The Green Violinist
Recently, one of the 24/7 news networks had a feature on the "green" movement in Hollywood that included an actress, who characterizes herself as having "the smallest carbon footprint possible," describing how the cast and crew eat off recycled plates, use old paper for their scripts, and ban plastic water bottles from the set.
Normally, I wouldn't think of the Hollywood crowd as conservative, in the traditional sense of the word. Maybe all of those lovely Christian Louboutin shoes and Zac Posen frocks provide years of wear and ultimately get recycled, but somehow I doubt it. All evidence points to the fact that the popular entertainment and fashion industries depend on their clientele - and larger audience beyond - wanting something new, different, exciting; in other words, exhibiting a chronic dissatisfaction with what they already have.

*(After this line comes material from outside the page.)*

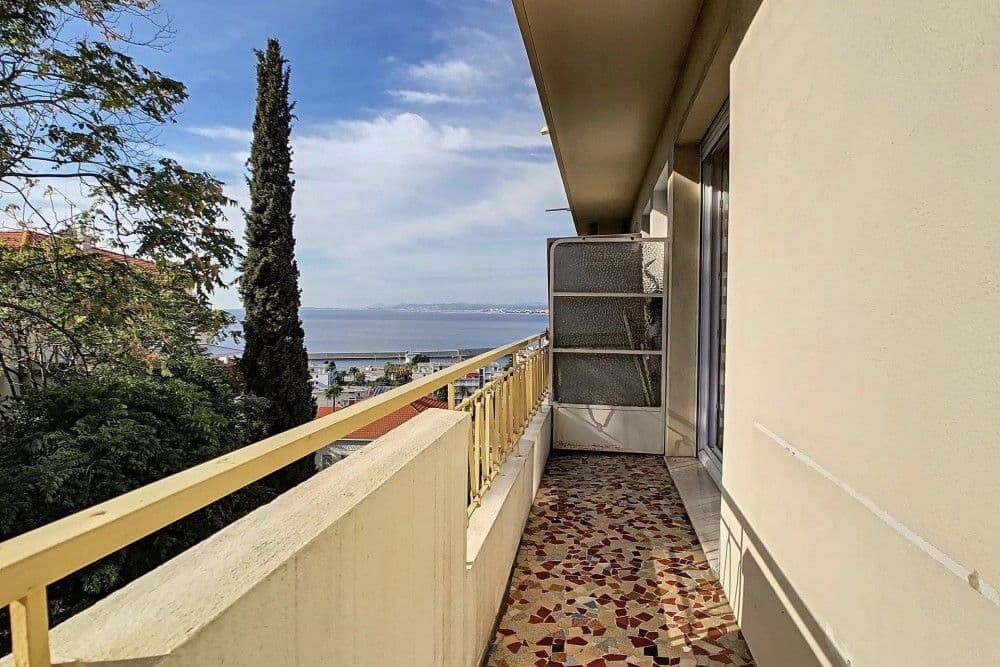 Long balcony with a view through cypress trees to the sea, 1-bedroom apartment in Mont Boron, Nice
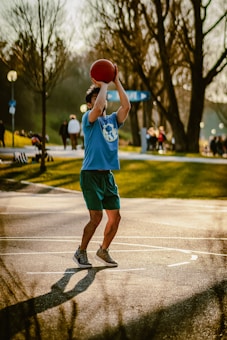 Man shoots a basketball outside in the park.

This consumerism plays to the deep insecurities of even the hottest starlet; i.e., if you are not dressed in the latest or dare to have some latent expression in your brow, you may not be admitted to the club-of-the-moment and the social set will ostracize you. Successful television shows (The Rachel Zoe Project comes to mind) are built around people - mostly women - having meltdowns over outfits and accessories, which seems to indicate an inordinate unease over their appearances and that of their clients. Fortunately, many of the celebrities themselves have disposable careers, and their attempts at recycling their fame - through queasy ventures like reality shows on their stints in rehab, extreme plastic surgery or repeated weight loss attempts - generally just strip them of whatever shreds of personal dignity remain.
But I digress: One under-appreciated aspect of classical music is that it is extremely "green." A violinist needs no electrical current; no plugs, no amps - just a violin, four strings and a bow outfitted with horsehair that has some rosin, made from the resin of a fir tree, on it. My own violin was made in Venice two hundred and sixty-eight years ago (I have been playing on it since I was eleven) and my principal bow is at least two hundred years old, making for a professional carbon footprint to challenge that of even the most eco-conscious Hollywood celebrity.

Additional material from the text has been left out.